To export content from a review set, start by selecting the files you want to download then click Export under the Action menu.
Download export jobs using Azure Storage Explorer
When you export documents from a review set in an Advanced eDiscovery case, you have the ability to either upload the documents to a Microsoft-provided Azure Storage location, or to an Azure Storage location managed by your organization.
A configuration page provides you with the following options for how to export the content, enabling you to choose the settings that make the most sense in the context of your investigation:
- Metadata file. This can be considered your "load file" that contains metadata associated with the files you export. For a list of exported fields available in the metadata file, see Document metadata fields in Advanced eDiscovery. This file can typically be ingested by third-party tools.
- Tag data. This content would be added as fields in the metadata file. It contains all the tag information applied in review sets.
- Text files. Text files can be generated for each file exported from a review set. Often, these files are required by service partners as part of ingesting data into third-party tools.
- Redacted files. If redacted PDF files are generated during review, these files are available during export. You can decide whether to export native files only or to replace the native files that required redaction with the PDF files that contain the actual redactions.
- Export location. Exported content is delivered to either a Microsoft provided Azure Storage location or a customer's storage location.
Before you can export content, you need to install the Azure Storage Explorer tool. Azure Storage Explorer is used to connect to the Azure storage container to browse and download the exported documents.
To export content:
Select the files you want to export from the review set, then click Export under the Action menu. It may take several minutes or longer before the content is ready. You can check the status on the Jobs page.

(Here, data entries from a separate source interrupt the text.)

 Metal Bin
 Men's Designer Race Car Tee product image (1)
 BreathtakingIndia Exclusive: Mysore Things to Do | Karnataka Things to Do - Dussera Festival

Select your settings on the Export options configuration page, then click Export. In this example, the Microsoft-provided storage container is selected.
A message appears to inform you that a job has been created and that you can track its status on the Jobs tab.
When the documents have been successfully uploaded to the Azure storage container, the Jobs tab will display the Status of the job as Successful along with the time stamp for when the job completed.
The next step is to obtain the shared access signature (SAS) URI that is generated when you created the export job. On the Exports tab, click the export job that you want to download. On the flyout page, under Locations, copy the SAS URI that is displayed to the clipboard, then click Close.
Open the Azure Storage Explorer tool that you installed in Step 1, then select Use a shared access signature (SAS) URI. Click Next.
On the Attach with SAS URI page, click in the URI box, and then paste the SAS URI that you copied in Step 4. Notice that a portion of the SAS URI is displayed in the Display name box. This will be used as the display name of the container that is created under the Storage accounts after you connect to the storage location. This name consists of the ID of the Advanced eDiscovery case is from and a unique identifier. You can keep the default display name or change it. If you change it, the display name must be unique.
Click Next to display the Connection summary page.
On the Connection summary page, review the connection information, then click Connect.
The Blob containers node (under Storage Accounts > Attached Containers) is opened to a container with the display name from step 7. This container contains a folder for each export job that you have created. The folders are named with an ID that corresponds to the ID of the export job.
Double-click the export job folder to open it and display the list of folders and export reports.
To export all contents in the export, select the export folder, and then click Download.
Instead of downloading the entire export job, you can select specific items to download. And instead of downloading items, you can double-click an item to view it.
Specify the location where you want to download the exported files, and then click Select folder. The Azure Storage Explorer starts the export process and a message is displayed when the download is finished.
When content is exported from a review set, the content is organized in the following structure.
Root folder – Download ID
- Extracted_text_files = contains all of the extracted text files generated at processing.
- Input_or native_files = contains all native files
- Export_load_file.csv = metadata file
- Summary.txt = a summary file with export statistics
- Error_files = contains any error files included in the export
- ExtractionError – a csv that contains any available metadata of files that were not properly extracted from parent files
- ProcessingError – content with processing errors. This content is item level meaning if an attachment experienced a processing error, the email that contains the attachment will be included in this folder.